▶ TASK ITEM: This exercise calls for the data below to be retyped exactly, minus any images.

▶ DATA BELOW:

———

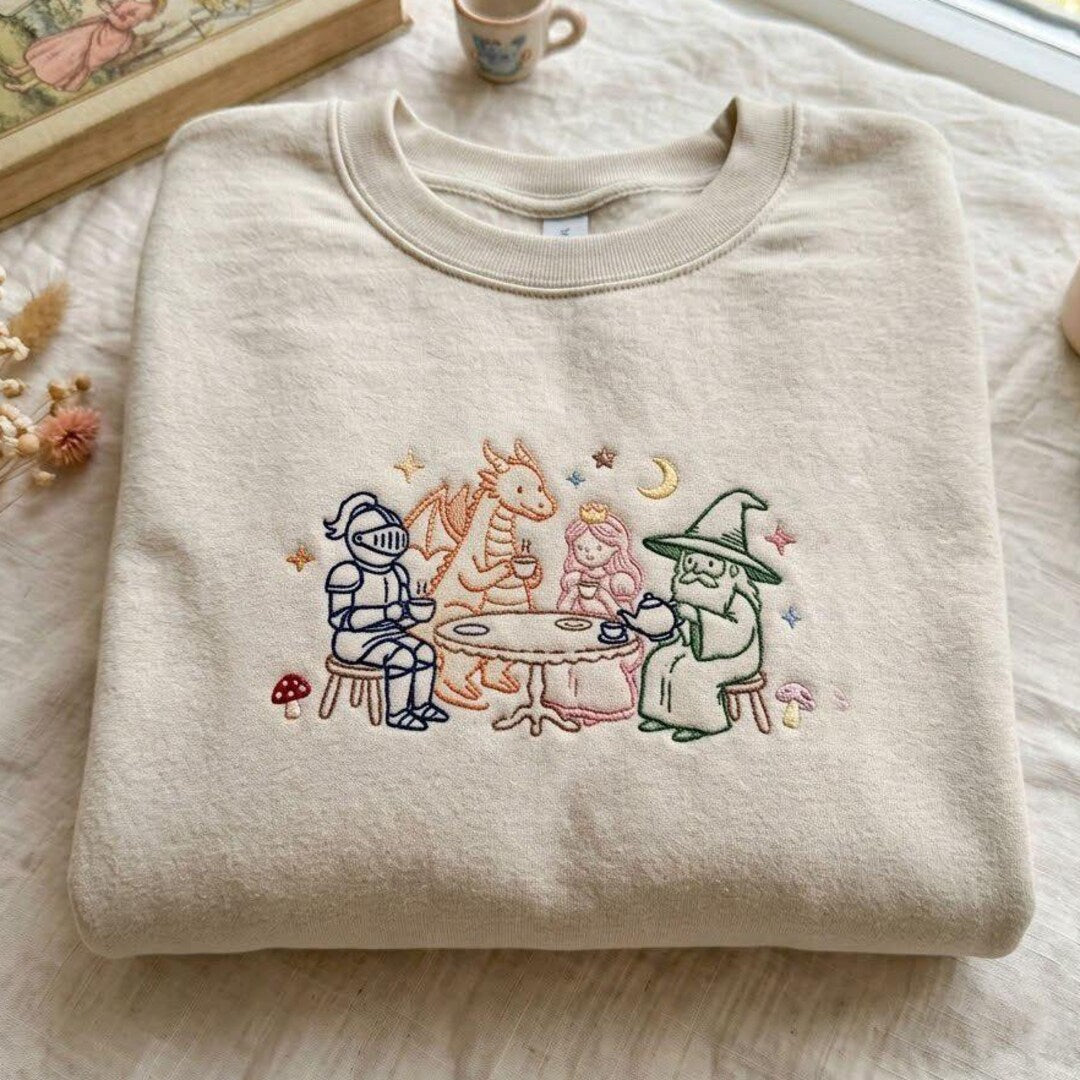 Fantasy Tea Party Knight Dragon Princess Wizard Mushroom Moon Stars embroidered sweatshirt — front view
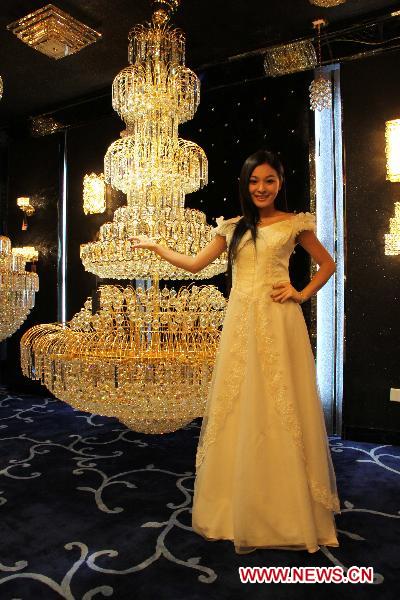 A model displays a set of crystal lamps at a luminaires cultural festival in Shantou, south China's Guangdong Province, Sept. 18, 2010. The Shantou Luminaires Cultural Festival opened here Saturday, exhibiting various kinds of lamps.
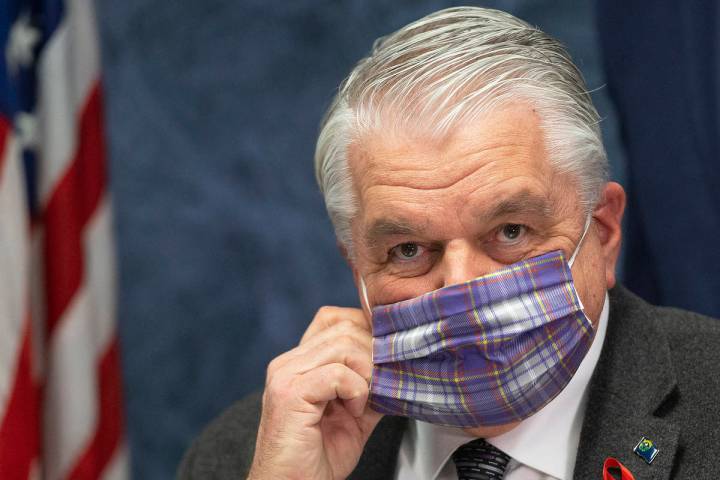 Gov. Steve Sisolak wears a protective mask before the start of a press conference, April 8, 202 ...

———

▶ PROBLEM SOLUTION:
 Fantasy Tea Party Knight Dragon Princess Wizard Mushroom Moon Stars embroidered sweatshirt — front view
 A model displays a set of crystal lamps at a luminaires cultural festival in Shantou, south China's Guangdong Province, Sept. 18, 2010. The Shantou Luminaires Cultural Festival opened here Saturday, exhibiting various kinds of lamps.
 Gov. Steve Sisolak wears a protective mask before the start of a press conference, April 8, 202 ...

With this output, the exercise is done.